Problem to solve »
Please state how many lines of the records below contain the word "show". Give the number and nothing else.

Data listing »
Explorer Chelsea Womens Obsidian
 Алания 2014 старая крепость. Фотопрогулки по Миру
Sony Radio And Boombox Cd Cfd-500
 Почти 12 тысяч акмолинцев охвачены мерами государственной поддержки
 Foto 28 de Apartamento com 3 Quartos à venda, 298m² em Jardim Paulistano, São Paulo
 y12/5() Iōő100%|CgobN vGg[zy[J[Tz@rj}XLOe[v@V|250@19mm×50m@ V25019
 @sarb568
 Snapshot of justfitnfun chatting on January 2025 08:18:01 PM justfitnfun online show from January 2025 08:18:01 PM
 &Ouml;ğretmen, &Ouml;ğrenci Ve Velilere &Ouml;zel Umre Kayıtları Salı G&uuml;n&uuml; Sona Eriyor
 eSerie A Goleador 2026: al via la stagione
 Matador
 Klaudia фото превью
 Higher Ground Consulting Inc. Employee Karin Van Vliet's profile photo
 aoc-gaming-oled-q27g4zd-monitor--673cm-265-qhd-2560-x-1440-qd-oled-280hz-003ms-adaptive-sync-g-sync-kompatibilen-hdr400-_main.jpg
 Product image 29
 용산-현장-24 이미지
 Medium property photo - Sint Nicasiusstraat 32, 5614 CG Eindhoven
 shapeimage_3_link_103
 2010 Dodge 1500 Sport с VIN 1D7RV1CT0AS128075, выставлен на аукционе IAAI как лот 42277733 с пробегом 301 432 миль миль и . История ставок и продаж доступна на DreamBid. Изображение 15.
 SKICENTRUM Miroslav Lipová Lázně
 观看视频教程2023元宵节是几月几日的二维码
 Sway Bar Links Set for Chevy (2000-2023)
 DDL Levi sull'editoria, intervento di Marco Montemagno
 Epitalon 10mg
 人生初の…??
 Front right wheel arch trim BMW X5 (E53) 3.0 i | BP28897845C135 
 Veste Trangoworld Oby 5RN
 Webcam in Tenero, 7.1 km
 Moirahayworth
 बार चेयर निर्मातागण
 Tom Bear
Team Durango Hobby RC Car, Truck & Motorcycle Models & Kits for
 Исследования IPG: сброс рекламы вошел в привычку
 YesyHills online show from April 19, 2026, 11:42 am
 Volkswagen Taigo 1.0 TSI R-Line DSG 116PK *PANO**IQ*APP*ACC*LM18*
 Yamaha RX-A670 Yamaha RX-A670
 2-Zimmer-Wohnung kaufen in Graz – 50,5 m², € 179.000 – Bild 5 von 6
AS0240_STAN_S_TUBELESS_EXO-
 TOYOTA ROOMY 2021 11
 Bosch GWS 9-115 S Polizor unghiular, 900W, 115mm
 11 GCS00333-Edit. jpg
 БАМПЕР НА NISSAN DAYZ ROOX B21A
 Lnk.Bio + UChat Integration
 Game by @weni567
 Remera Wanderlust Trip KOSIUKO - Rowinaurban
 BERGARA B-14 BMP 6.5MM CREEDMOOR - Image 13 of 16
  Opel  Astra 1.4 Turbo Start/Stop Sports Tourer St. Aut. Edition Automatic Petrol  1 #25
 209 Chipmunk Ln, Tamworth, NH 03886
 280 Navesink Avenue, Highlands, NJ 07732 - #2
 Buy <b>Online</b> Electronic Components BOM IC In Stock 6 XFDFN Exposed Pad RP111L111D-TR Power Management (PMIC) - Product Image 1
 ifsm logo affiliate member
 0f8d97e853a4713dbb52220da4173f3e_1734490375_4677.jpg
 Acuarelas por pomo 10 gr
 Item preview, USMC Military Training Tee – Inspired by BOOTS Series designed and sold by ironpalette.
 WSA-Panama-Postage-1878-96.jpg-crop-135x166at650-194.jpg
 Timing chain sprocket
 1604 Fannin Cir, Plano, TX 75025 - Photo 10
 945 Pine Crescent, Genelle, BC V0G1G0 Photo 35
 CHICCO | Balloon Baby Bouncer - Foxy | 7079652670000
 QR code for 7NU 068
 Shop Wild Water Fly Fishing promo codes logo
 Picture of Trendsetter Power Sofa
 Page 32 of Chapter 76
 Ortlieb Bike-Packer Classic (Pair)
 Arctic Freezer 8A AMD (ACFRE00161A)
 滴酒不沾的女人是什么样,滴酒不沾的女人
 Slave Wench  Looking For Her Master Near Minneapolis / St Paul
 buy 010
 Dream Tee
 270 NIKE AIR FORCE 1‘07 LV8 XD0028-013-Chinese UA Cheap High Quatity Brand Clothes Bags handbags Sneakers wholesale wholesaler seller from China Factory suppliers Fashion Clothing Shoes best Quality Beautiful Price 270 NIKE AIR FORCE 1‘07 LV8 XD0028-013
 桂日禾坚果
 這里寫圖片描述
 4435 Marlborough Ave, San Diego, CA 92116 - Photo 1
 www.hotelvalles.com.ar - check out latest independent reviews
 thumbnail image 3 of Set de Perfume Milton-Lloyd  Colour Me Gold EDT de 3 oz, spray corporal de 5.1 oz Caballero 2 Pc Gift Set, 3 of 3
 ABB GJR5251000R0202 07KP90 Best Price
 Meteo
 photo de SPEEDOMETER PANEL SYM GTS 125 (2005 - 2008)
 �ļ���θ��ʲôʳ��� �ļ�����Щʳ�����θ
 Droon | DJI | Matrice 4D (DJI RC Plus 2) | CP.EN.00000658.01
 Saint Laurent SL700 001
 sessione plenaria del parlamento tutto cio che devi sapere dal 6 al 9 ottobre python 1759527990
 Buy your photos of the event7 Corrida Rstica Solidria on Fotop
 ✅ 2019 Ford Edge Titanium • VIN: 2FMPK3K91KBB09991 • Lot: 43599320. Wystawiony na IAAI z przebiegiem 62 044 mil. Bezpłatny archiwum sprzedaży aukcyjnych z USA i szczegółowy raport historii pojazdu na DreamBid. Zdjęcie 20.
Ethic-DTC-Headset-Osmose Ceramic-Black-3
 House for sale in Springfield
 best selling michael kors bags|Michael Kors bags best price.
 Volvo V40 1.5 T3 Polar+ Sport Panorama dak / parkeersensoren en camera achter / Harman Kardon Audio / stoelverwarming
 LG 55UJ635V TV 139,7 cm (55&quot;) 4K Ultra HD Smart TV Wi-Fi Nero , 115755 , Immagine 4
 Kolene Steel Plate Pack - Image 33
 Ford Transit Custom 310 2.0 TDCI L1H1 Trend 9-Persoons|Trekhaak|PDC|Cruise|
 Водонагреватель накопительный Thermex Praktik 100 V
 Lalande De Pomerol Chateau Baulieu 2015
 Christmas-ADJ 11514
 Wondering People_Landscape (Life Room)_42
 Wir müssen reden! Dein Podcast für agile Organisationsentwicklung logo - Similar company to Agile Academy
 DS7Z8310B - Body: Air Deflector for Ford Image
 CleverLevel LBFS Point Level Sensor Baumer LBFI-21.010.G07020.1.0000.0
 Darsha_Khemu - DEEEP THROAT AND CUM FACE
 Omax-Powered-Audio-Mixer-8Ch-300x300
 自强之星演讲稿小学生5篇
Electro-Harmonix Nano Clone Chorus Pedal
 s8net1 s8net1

Completed exercise »
2